__Work instructions__: The records that follow are to be transcribed in full, without their images.

(Captioned web images)
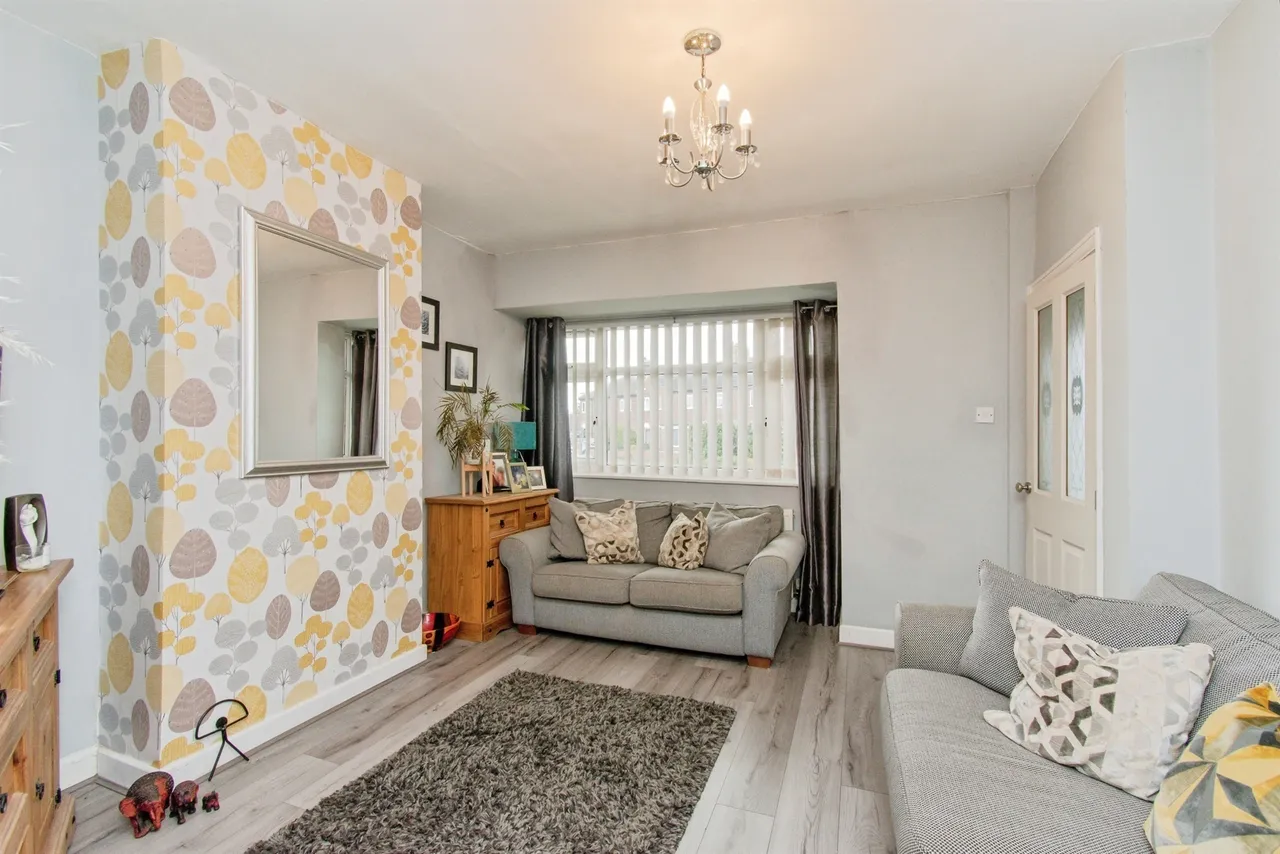 Pinders Crescent, KNOTTINGLEY, photo 5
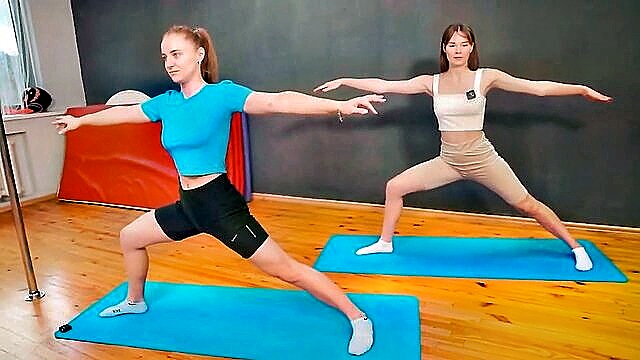alina yoga warm up : YOGA QUEENS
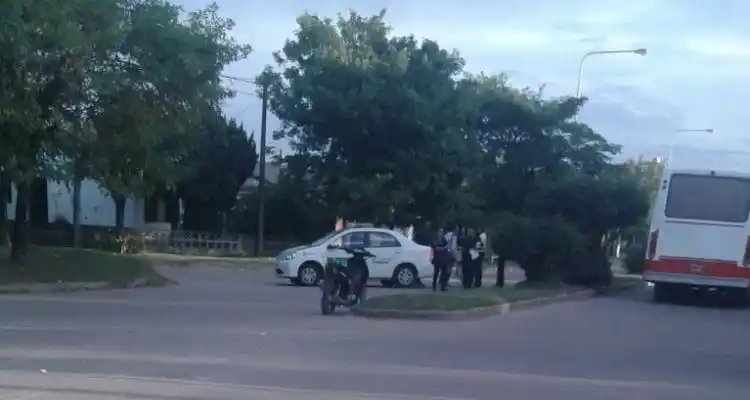 Una mujer se accidentó en moto en 11 de Septiembre y Casella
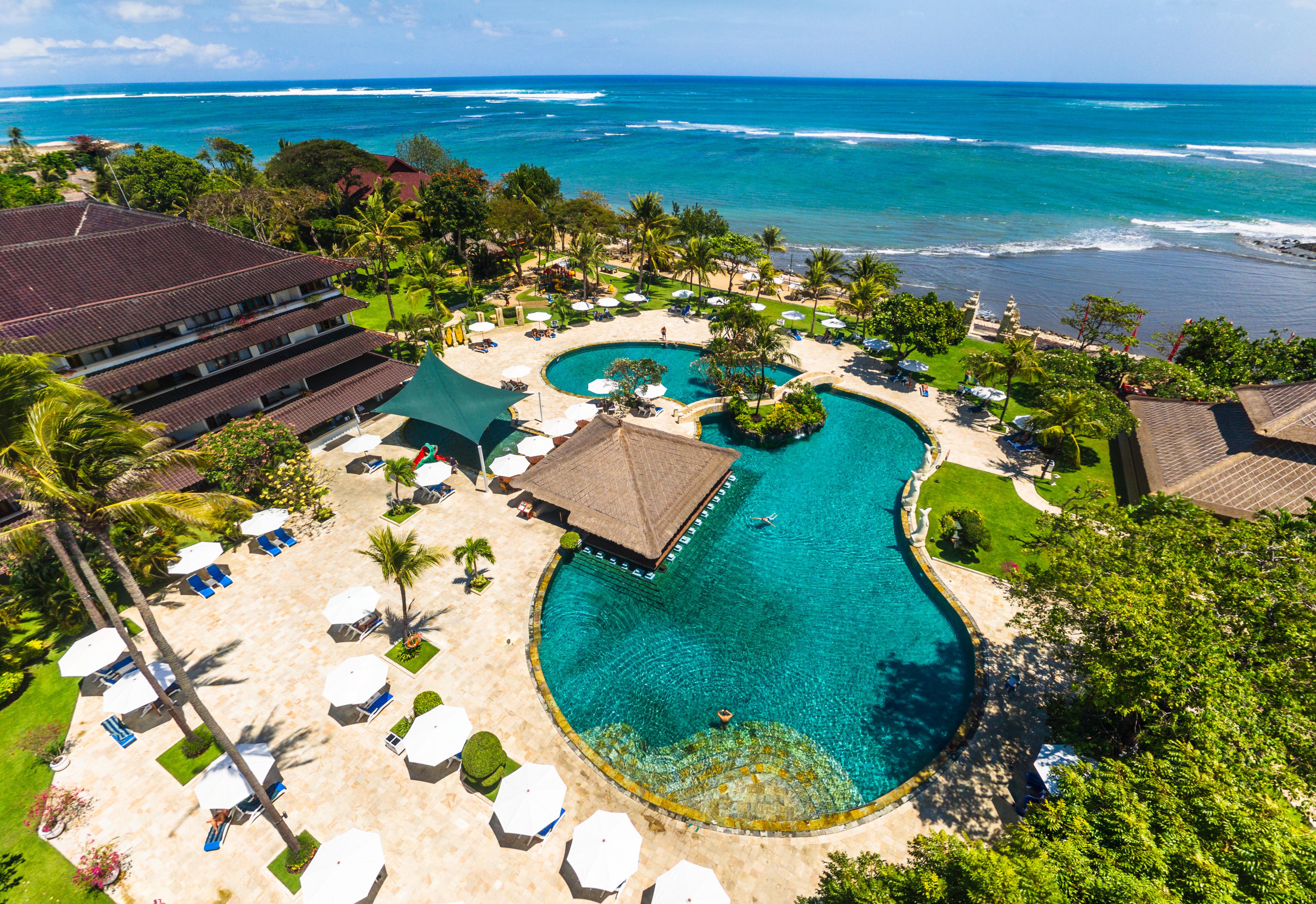 فندق ديسكفري كارتيكا بلازا كوتا المظهر الخارجي الصورة Aerial view of the pool at the InterContinental Resort Bali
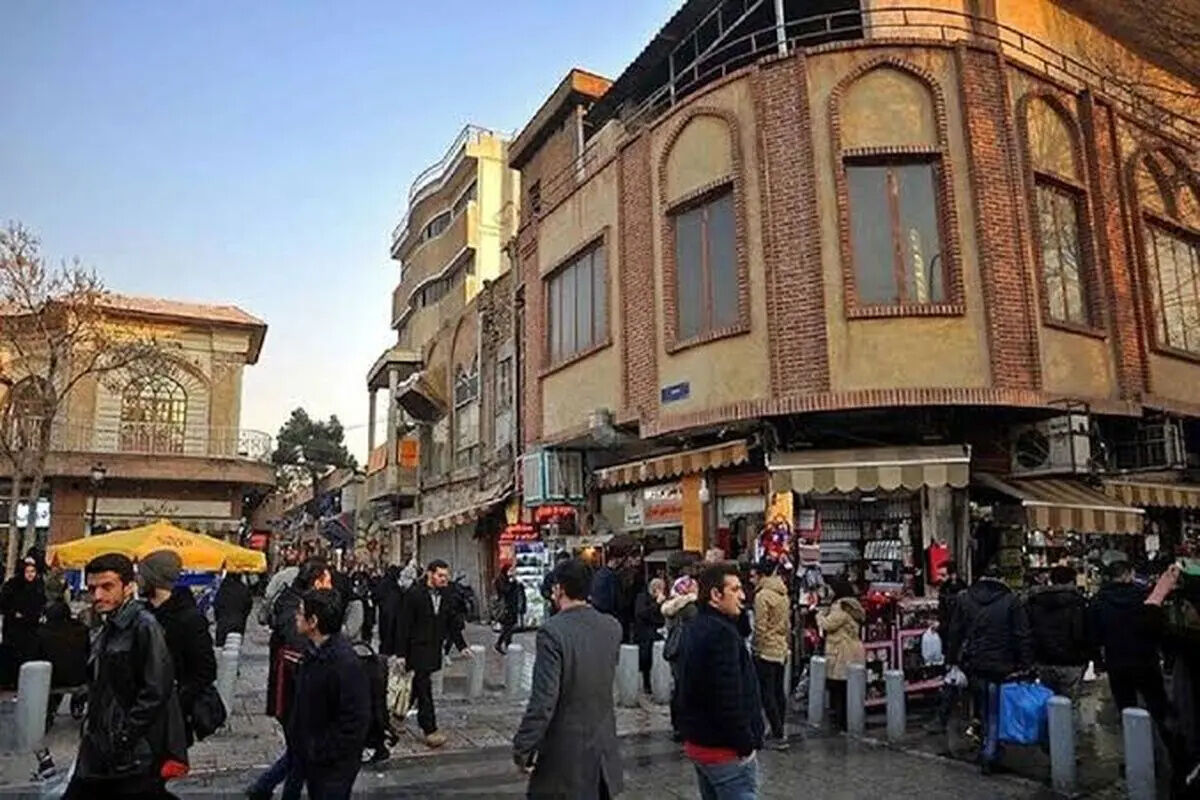 پیک‌های پیاده؛ وقتی فقر جای موتور را می‌گیرد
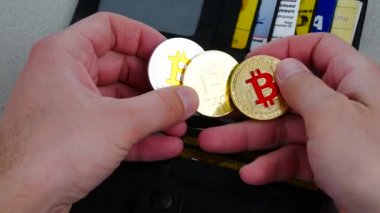 Altın ve gümüş bitcoins ve yüz dolar faturaları deri cüzdan. Bitcoin çanta olarak dolar ile. Araştırma kripto para kar. Madenci dolar ve altın bitcoin. Ticaret, ticari.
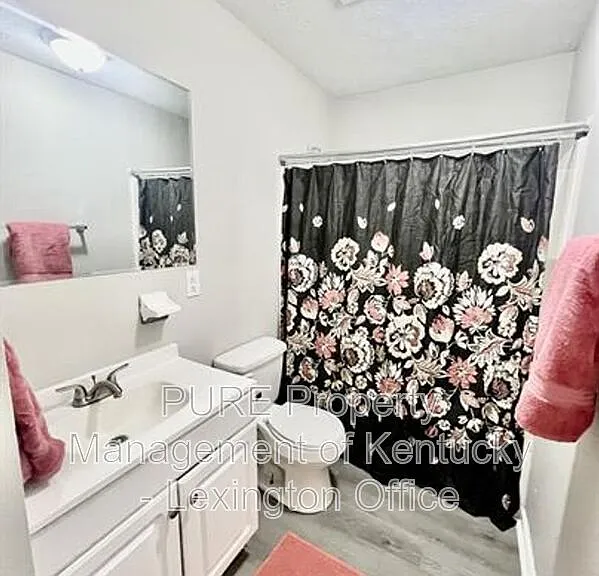 566 N Martin Luther King Blvd — Photo 10
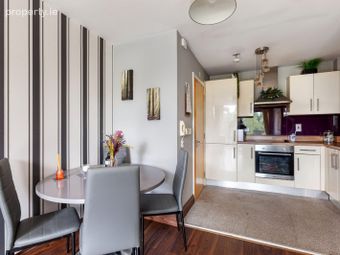 12 Parkview Green, Finglas, Dublin 11, Finglas, Dublin 11 - Image 4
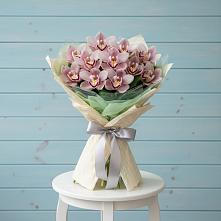 Букет цветов из:  Орхидеи и Розы в Подпорожье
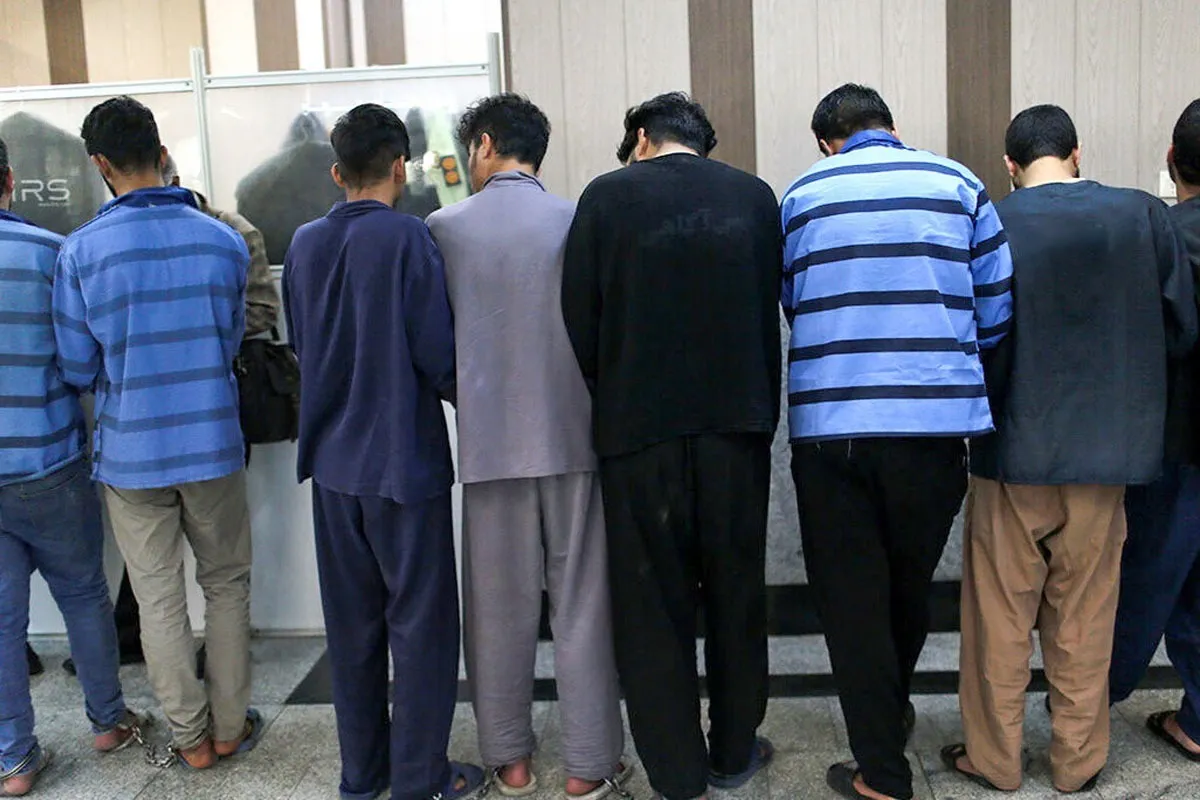 باند تبهکار دودزا در مشهد متلاشی شد | اعتراف به ۲۰۰ فقره گوشی قاپی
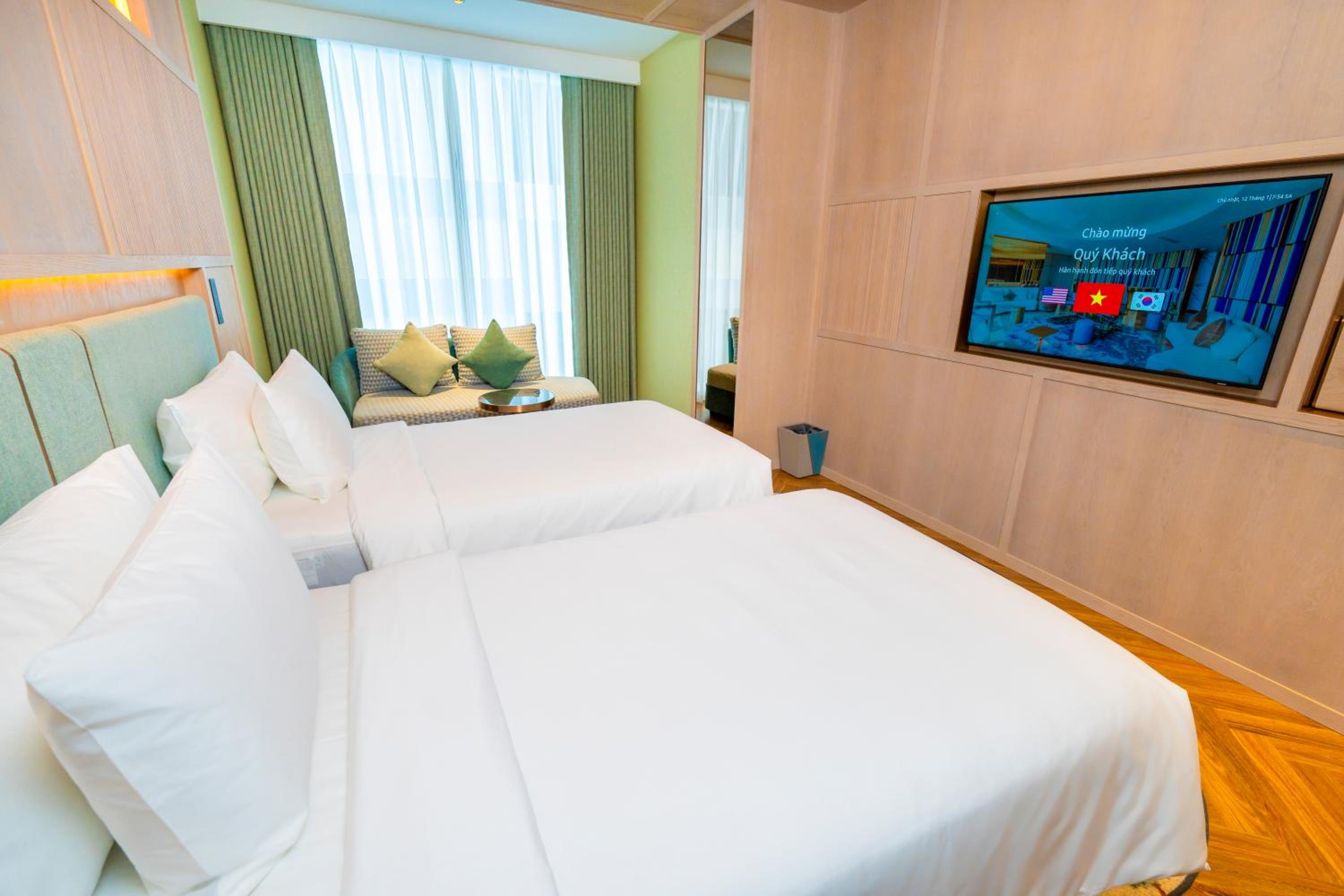 Superior Room with Two Single Beds - City Side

__Result__:
 Pinders Crescent, KNOTTINGLEY, photo 5
alina yoga warm up : YOGA QUEENS
 Una mujer se accidentó en moto en 11 de Septiembre y Casella
 فندق ديسكفري كارتيكا بلازا كوتا المظهر الخارجي الصورة Aerial view of the pool at the InterContinental Resort Bali
 پیک‌های پیاده؛ وقتی فقر جای موتور را می‌گیرد
 Altın ve gümüş bitcoins ve yüz dolar faturaları deri cüzdan. Bitcoin çanta olarak dolar ile. Araştırma kripto para kar. Madenci dolar ve altın bitcoin. Ticaret, ticari.
 566 N Martin Luther King Blvd — Photo 10
 12 Parkview Green, Finglas, Dublin 11, Finglas, Dublin 11 - Image 4
 Букет цветов из:  Орхидеи и Розы в Подпорожье
 باند تبهکار دودزا در مشهد متلاشی شد | اعتراف به ۲۰۰ فقره گوشی قاپی
 Superior Room with Two Single Beds - City Side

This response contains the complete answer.